Date and Time: Saturday April 10 at 10:00am EST
Speaker: Victor Piercey (Ferris State University)
Abstract: In the last several years, mathematicians have been thinking about how their work impacts the world around them. In the classroom, social justice connections raise student awareness of the role mathematics plays in complicated social issues and empowers them to identify and help solve social problems. There have been several publications about teaching mathematics for social justice (such as the PRIMUS special issue on Mathematics for Social Justice, a themed collection in the journal Numeracy - part 1 and part 2, and the AMS book Mathematics for Social Justice: Resources for the College Classroom edited by Karaali and Khadjavi with a second volume due Summer 2021), books about the social harms caused by algorithms (such as Cathy O'Neil's Weapons of Math Destruction), and working groups dedicated to ethics in mathematics (such as the Cambridge Ethics in Mathematics Society as well as the Ethical Mathematics Project Catherine Buell and I are getting off the ground).

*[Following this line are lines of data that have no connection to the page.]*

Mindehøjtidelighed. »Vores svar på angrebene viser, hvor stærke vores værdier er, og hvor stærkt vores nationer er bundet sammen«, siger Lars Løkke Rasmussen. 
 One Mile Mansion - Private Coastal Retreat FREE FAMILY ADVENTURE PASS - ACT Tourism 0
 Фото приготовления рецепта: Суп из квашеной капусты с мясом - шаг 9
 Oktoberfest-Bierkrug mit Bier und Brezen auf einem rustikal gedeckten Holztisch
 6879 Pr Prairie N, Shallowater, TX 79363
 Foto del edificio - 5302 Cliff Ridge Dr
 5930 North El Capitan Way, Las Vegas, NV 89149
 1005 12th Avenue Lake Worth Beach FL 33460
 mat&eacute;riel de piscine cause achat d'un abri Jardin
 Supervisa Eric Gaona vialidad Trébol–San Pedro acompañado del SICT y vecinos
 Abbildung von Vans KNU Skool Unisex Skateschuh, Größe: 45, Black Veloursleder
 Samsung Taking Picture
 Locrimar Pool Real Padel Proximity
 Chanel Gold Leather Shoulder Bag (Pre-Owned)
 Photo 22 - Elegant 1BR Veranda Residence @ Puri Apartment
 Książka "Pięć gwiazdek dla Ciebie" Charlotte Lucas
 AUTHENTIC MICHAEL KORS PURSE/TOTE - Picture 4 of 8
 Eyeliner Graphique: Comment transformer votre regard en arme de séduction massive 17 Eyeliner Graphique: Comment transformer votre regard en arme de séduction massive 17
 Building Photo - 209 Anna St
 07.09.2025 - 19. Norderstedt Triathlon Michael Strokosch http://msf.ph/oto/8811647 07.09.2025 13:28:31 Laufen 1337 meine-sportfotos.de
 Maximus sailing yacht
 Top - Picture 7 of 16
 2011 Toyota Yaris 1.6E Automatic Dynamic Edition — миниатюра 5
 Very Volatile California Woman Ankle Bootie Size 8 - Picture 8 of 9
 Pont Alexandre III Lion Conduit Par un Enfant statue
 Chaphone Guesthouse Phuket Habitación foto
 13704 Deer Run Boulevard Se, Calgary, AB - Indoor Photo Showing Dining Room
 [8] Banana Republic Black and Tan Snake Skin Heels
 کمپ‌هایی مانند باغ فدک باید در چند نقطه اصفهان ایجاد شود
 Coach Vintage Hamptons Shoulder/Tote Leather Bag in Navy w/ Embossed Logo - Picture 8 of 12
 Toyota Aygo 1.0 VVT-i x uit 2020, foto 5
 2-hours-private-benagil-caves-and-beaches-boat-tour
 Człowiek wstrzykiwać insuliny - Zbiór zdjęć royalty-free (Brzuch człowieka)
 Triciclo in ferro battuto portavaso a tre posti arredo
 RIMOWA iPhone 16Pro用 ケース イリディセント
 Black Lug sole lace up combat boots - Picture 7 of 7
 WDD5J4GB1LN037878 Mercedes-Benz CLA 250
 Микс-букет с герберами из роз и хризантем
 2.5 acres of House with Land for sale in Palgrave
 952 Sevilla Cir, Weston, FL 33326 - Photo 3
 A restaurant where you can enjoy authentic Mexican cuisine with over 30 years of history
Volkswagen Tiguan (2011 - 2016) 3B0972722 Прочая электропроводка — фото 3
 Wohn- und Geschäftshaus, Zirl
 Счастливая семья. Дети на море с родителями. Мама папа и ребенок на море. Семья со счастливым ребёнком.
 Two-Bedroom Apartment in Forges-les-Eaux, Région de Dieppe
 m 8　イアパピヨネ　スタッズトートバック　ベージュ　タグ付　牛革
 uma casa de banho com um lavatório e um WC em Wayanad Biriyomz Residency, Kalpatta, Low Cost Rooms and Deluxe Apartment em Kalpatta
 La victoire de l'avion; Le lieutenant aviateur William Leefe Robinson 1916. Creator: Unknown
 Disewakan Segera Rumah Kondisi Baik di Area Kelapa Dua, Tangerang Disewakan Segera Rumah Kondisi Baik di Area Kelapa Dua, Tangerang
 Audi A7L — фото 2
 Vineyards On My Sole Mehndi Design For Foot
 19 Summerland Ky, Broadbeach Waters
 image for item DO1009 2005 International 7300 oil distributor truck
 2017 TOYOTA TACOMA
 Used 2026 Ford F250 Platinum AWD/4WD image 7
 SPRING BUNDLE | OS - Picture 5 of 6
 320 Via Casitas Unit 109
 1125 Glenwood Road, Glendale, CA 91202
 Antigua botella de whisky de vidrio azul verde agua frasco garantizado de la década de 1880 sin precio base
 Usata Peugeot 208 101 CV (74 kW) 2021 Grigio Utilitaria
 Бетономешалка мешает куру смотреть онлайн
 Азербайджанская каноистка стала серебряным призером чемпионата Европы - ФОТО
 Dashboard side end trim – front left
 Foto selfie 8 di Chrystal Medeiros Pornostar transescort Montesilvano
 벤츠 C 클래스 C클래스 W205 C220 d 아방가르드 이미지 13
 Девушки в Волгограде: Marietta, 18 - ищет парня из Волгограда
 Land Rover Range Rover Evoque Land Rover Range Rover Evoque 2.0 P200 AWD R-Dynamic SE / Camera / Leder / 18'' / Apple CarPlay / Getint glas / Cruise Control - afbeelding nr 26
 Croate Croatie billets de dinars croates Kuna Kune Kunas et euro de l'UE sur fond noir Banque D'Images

In this workshop, we will work on integrating social justice activities into mathematics classes. The goal will be to connect problems from standard undergraduate mathematics courses with social justice issues. We will also dedicate some time to handling controversial and complex social issues in a mathematics classroom. During the workshop, participants will outline an activity that they can use in their classes and share with others for feedback.
Speaker bio: Victor Piercey received a Juris Doctor from Columbia Law School in 2000 and Ph.D in mathematics from the University of Arizona in 2012. Since completing his Ph.D, he has been teaching at Ferris State University in Big Rapids, Michigan. His scholarship interests include the intersection of quantitative reasoning with algebraic reasoning, the use of faculty learning communities to increase the scale of innovation, and both the cognitive and affective impact of active pedagogies. His teaching interests include the integration of social justice and ethics with mathematics, the use of inquiry-based learning, interdisciplinary collaboration in course design and in teaching, and the use of role-playing simulations similar to Reacting to the Past. He has served as the chair of two Special Interest Groups in the Mathematical Association of America, one dedicated to Quantitative Literacy and the other dedicated to Inquiry-Based Learning (which he helped establish). He has also chaired the Michigan section of the Mathematical Association of America and serves on the board for the initiative for Mathematics Learning by Inquiry.